The default ranking options in Elasticsearch (and Lucene) are purely based on content. Sometimes, it is useful to mix other factors in, such as the location/distance of a restaurant, to promote venues close to the user’s location, or the publication date of an article, to promote recent articles.
This post discusses a simple solution which is already integrated in Elasticsearch and can be enabled at query time: a decay function.
Default Ranking in Elasticsearch
The default ranking function (called similarity in Lucene terminology) is a normalised version of TF-IDF. The normalisation is based on document length and promotes shorter documents over longer ones. Informally, the idea behind this approach is that longer documents will have higher TF’s just because they have more content, so something should be done to avoid penalising short documents. In practice, this works well most of the time, but in case this normalised TF-IDF is not what you need, there are plenty of other options, including BM25, Divergence From Randomness or Language Model. All these ranking functions are based on the content of a field, i.e. they are based on term statistics.
To showcase how the default ranking works, and how we can affect it later, I’ll use a sample database of articles I’ve published on this blog (click here for the Gist). The Gist will create an index on a local instance of Elasticsearch, where each document will have the fields title (string) and published (date).

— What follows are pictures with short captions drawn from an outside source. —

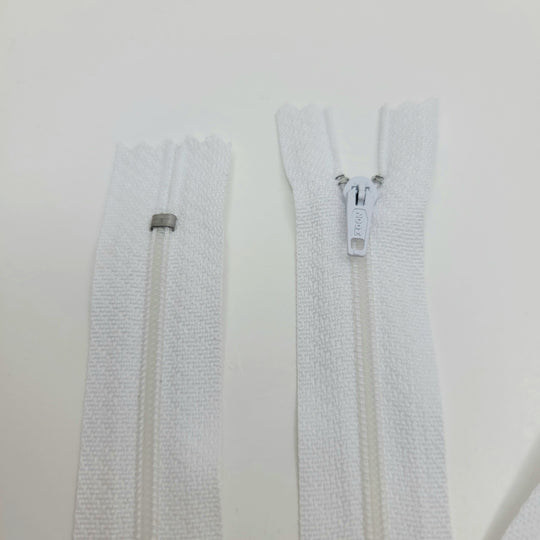 19" Zoom Locking Zipper Head - Coil Zipper - Closed End - White - FABCYCLE Deadstock and Sustainble Fabrics and Sewing Supplies (6603032494193)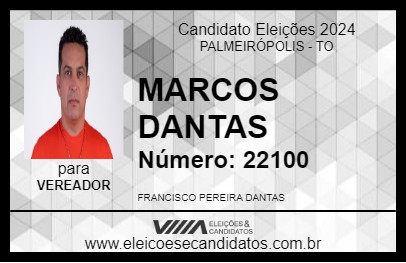 Candidato MARCOS DANTAS 2024 - PALMEIRÓPOLIS - Eleições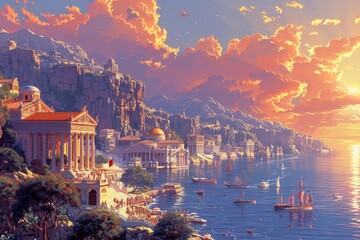 A Picturesque Mediterranean City at Sunset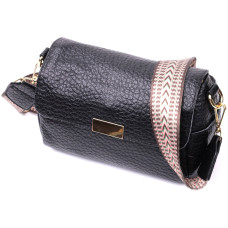 Классическая кожаная женская сумка с оригинальной плечевой лямкой Vintage 186375 Черная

Once the index is created, we can run a very basic query:
{ "query": { "match": { "title": "python" } } }
The query will look for the term python in the title field, and you should see how the documents ranking higher are the ones with shorter titles. This is because the term python occurs only once in each title, so what makes the difference in terms of scoring is the document length normalisation.

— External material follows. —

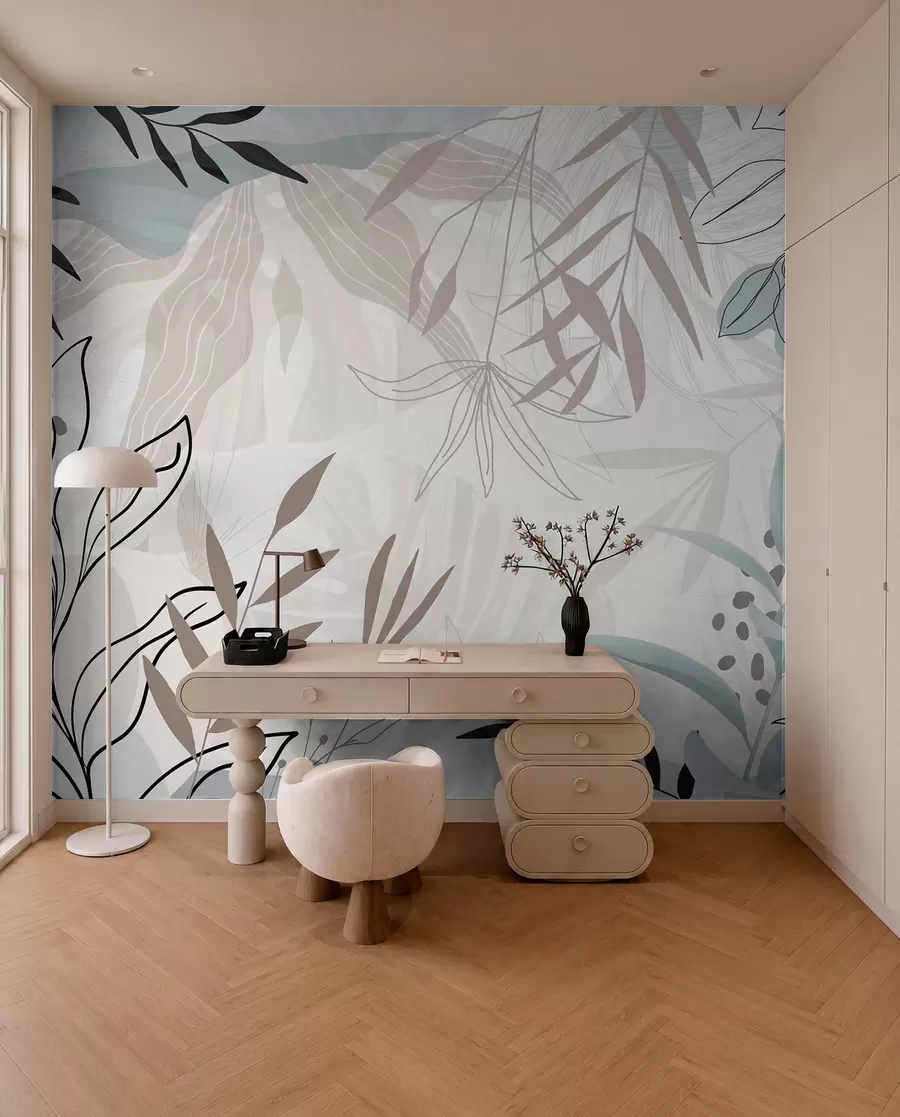fototapet Design abstract floral modern cu frunze pastel bej, gri, albastru și negru, artă delicată de linii și fundal moale  w09105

Function Score and Decay Functions
Elasticsearch provides an extensive support for custom scoring via the query DSL, meaning that relevance can be tweaked at query time without re-indexing. Using a function_score query, we can smooth the default scoring function to include freshness (a.k.a. recency) as a component for relevance.
Specifically, the use of some scoring functions called decay functions (namely gaussian, exponential and linear) is the key to integrate numeric fields, date fields and geo fields in the picture.
As an example, let’s consider the following query:
{ "query": { "function_score": { "query": { "match": { "title": "python"} }, "gauss": { "published": { "scale": "8w" } } } } }
This query produces the same result set as the previous one, but the ranking will be very different. In particular, recent articles will be pushed on top. The scale parameter is what governs how quickly the score drops when moving away from the origin. In this example, we have used a range of 8 weeks, meaning that articles older than that will have a very low score.
Summary
Content is the key aspect to consider in most ranking problems which involve textual data. Sometimes though, content is not the only aspect to consider. This article has showcased decay functions as a simple Elasticsearch option to influence ranking by including freshness/recency as a core component to be mixed with content. Since decay functions work on numeric fields, date fields and geo-points, they can be used to integrate location/distance, recency and other numerical aspects like popularity (e.g. number of votes) into the ranking function. This can be done at query time, without the need to re-index.